▶ **Required action**
In the data below, the copy begins at the line containing "Modern 1 Bed" and runs through the last line; repeat those lines exactly, minus the pictures.

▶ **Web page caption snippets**
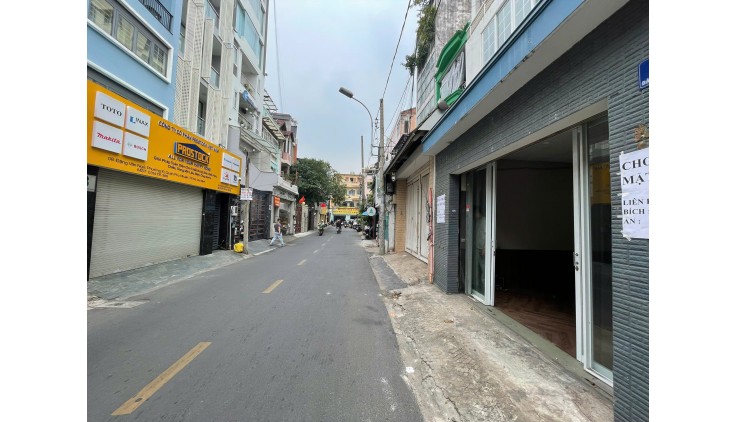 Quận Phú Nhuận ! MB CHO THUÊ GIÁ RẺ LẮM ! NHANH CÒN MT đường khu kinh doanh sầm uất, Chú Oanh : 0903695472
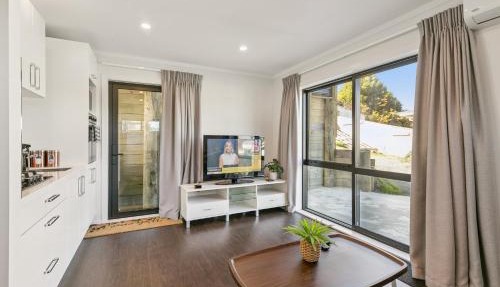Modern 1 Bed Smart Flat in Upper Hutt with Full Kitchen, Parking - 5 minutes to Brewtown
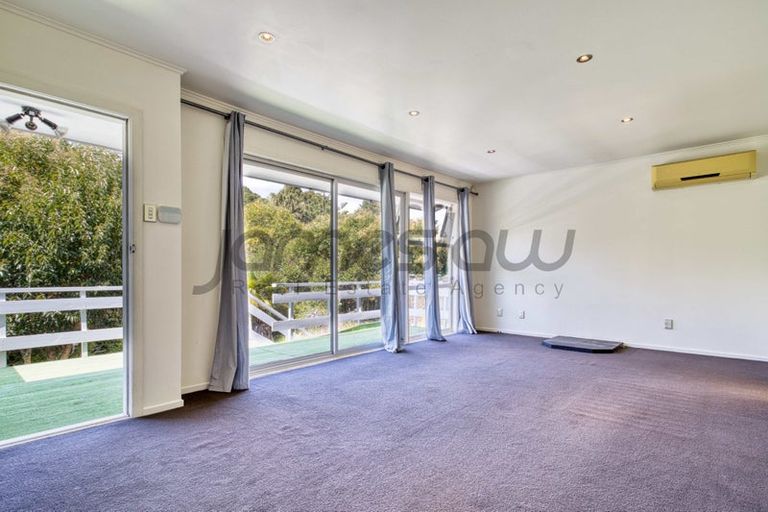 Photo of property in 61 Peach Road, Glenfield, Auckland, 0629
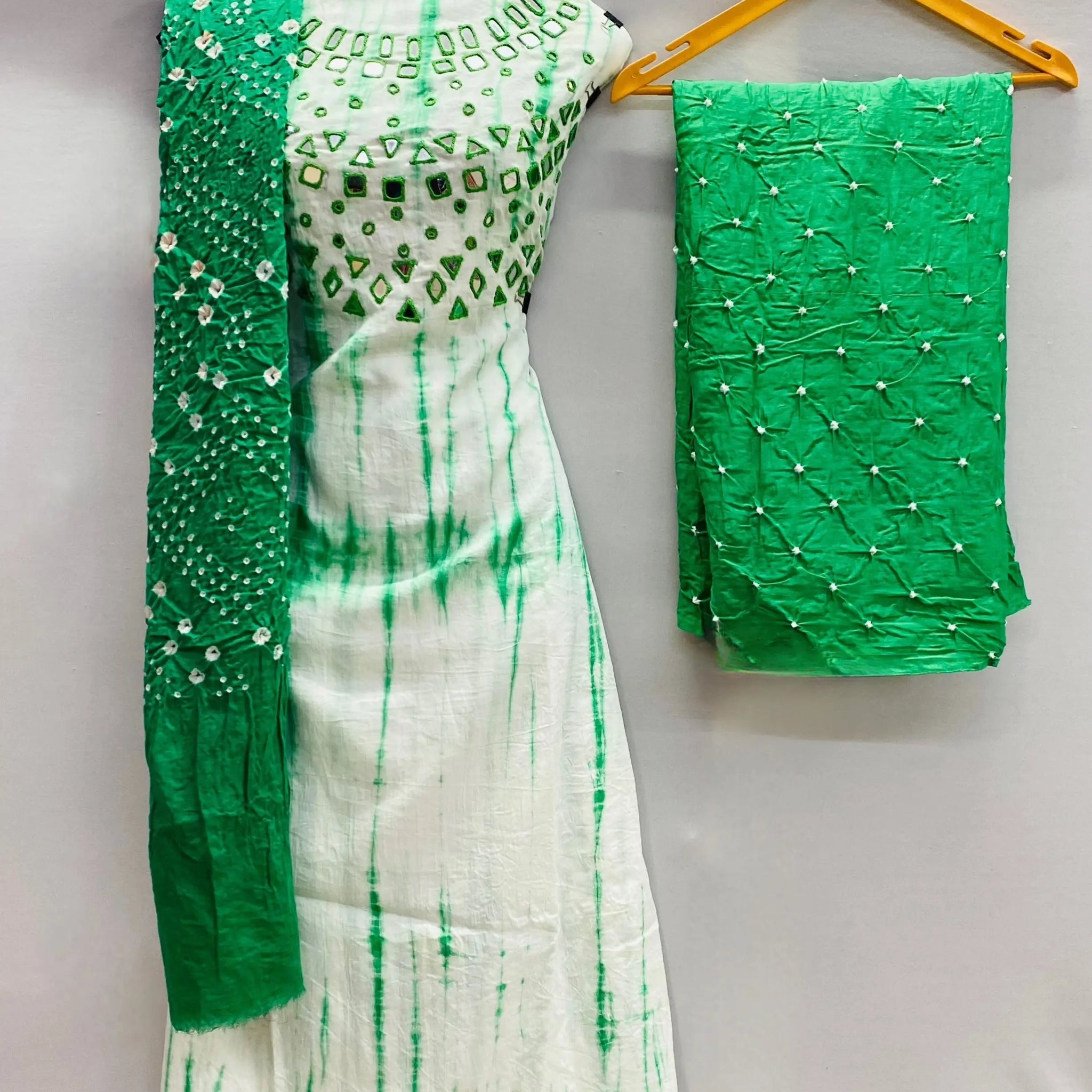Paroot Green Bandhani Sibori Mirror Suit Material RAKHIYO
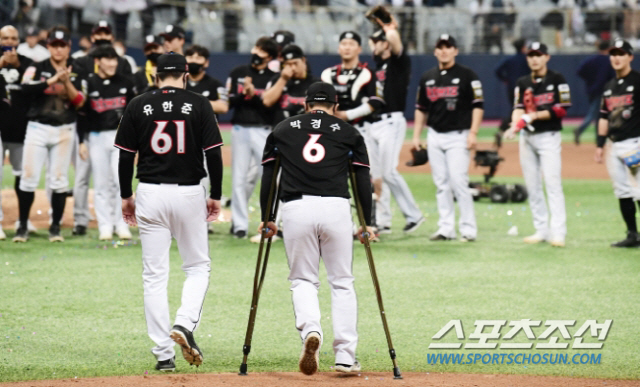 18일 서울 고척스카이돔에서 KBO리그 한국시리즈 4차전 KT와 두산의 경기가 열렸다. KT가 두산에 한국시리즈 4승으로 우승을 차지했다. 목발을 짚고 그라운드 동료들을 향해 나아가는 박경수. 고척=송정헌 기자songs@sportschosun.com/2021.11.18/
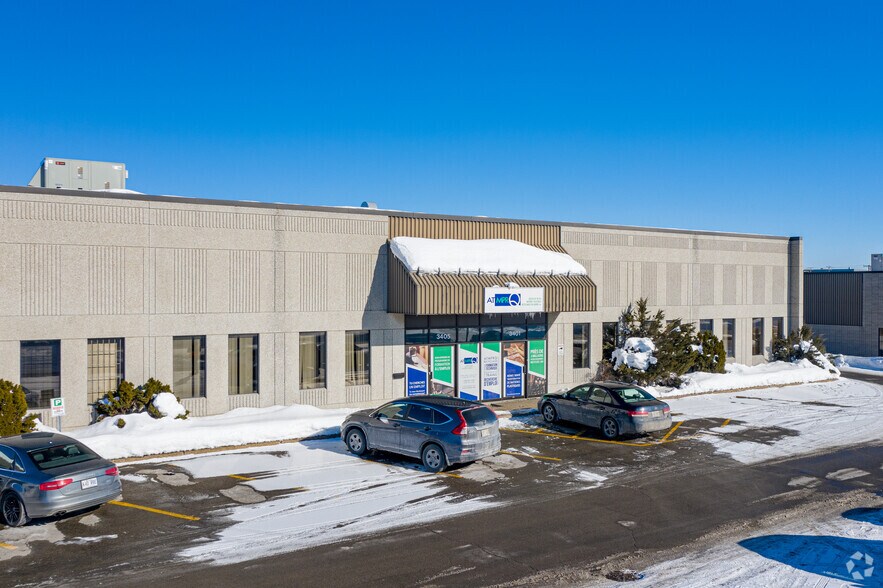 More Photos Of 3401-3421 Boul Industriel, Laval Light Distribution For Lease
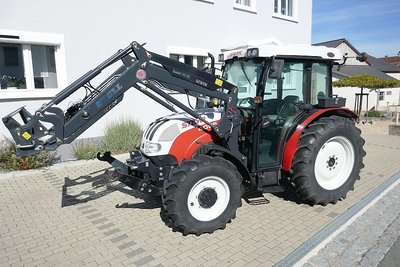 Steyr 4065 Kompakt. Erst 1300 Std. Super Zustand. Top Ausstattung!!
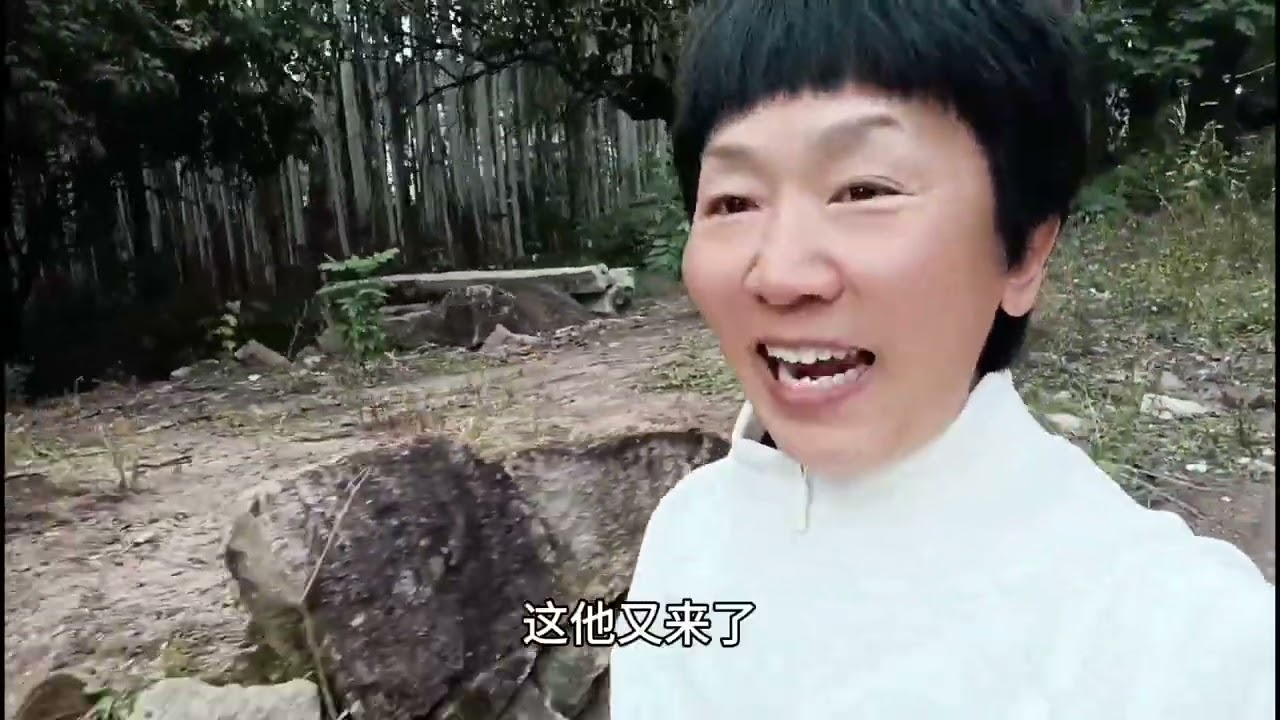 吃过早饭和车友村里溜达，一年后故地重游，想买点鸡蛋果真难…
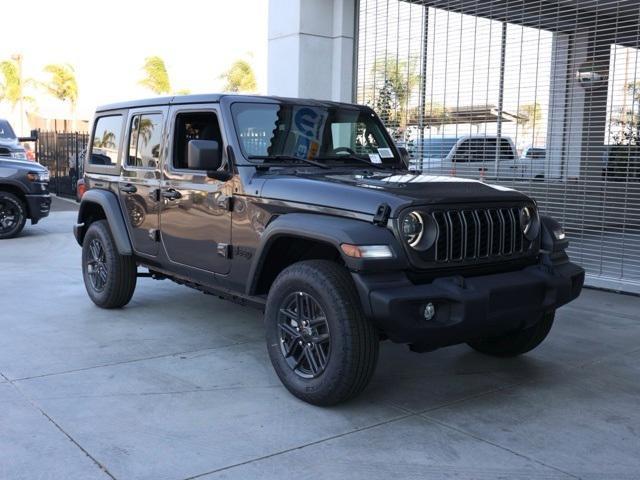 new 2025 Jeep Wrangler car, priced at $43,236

▶ **Result of the exercise**
Modern 1 Bed Smart Flat in Upper Hutt with Full Kitchen, Parking - 5 minutes to Brewtown
 Photo of property in 61 Peach Road, Glenfield, Auckland, 0629
Paroot Green Bandhani Sibori Mirror Suit Material RAKHIYO
 18일 서울 고척스카이돔에서 KBO리그 한국시리즈 4차전 KT와 두산의 경기가 열렸다. KT가 두산에 한국시리즈 4승으로 우승을 차지했다. 목발을 짚고 그라운드 동료들을 향해 나아가는 박경수. 고척=송정헌 기자songs@sportschosun.com/2021.11.18/
 More Photos Of 3401-3421 Boul Industriel, Laval Light Distribution For Lease
 Steyr 4065 Kompakt. Erst 1300 Std. Super Zustand. Top Ausstattung!!
 吃过早饭和车友村里溜达，一年后故地重游，想买点鸡蛋果真难…
 new 2025 Jeep Wrangler car, priced at $43,236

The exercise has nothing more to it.